In the second place, it is necessary to determine whether or not the entry of the defendant upon these premises was justified under the provisions of Sec. 7, Chap. 334 of the Gen. Laws of 1909, which provides that the landlord or reversioner, where the rent is due and in arrear for a period of fifteen days, may reenter and repossess himself of the lands, etc. That is to say, was there any rent due from the plaintiffs to the defendant and in arrear for fifteen days at the time of the alleged trespass? According to the terms of the original lease from Price to the plaintiffs, which we have already found are controlling in the absence of any other or different agreement between the parties, the annual rent was due and payable on the first day of August in each year. This brings us down to the single question as to whether the transfer of the reversion carried to the assignee the right to rents already accrued. We do not think it did.
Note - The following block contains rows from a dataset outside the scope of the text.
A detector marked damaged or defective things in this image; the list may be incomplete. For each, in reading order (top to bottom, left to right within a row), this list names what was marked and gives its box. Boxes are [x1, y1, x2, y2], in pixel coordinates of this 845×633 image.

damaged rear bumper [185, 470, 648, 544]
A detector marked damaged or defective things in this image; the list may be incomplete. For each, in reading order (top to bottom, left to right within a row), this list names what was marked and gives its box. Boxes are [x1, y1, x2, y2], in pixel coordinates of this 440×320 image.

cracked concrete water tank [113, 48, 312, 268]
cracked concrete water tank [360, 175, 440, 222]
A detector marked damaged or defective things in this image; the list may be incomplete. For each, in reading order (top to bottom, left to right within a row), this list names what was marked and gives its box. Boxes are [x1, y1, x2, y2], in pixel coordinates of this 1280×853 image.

The great weight of authority is that the transfer of the reversion will not carry rents already accrued but only such as have not yet become due. Coffey v. Hunt, 75 Ala. 236; Bordereaux v.Walker, 85 Ill. App. 86; Van Driel v. Rosierz, 26 Iowa, 575; Damren v. Am. L. P. Co., 91 Me. 334; Williams v.Williams, 118 Mich. 477; Burden v. Thayer, 3 Metc. 76; TheFarmers' Mechanics' Bank v. Ege, 9 Watts (Pa.) 436.

The rent of the premises for the year beginning February 1, 1909, and ending February 1, 1910, was due August 1, *240 1909, and did not pass to the defendant by the deed from Price under date of December 30, 1909. At the time when the defendant entered upon the premises and razed and removed the plaintiffs' building, there was no rent due from the plaintiffs to the defendant, and the defendant had no standing as a landlord or reversioner who may reenter on the ground that rent is in arrear for fifteen days, nor were the plaintiffs the recipients at any time of any statutory notice to quit. The defendant was clearly a trespasser.

At the trial the defendant took exception to the ruling of the court admitting in evidence the lease from Price to the plaintiffs covering a period of five years from February 1, 1895, and also to the denial of his first request to charge, relating to the right of the defendant to reenter, the rent being in arrear, etc. Inasmuch as the conclusions which we have already reached show the importance of the lease as evidence, and that the defendant had no right of reentry for nonpayment of rent, a particular discussion of those exceptions would be but a repetition of what we have already said upon those points.

All of the defendant's exceptions are overruled, and the case is remitted to the Superior Court, with direction to enter judgment on the verdict.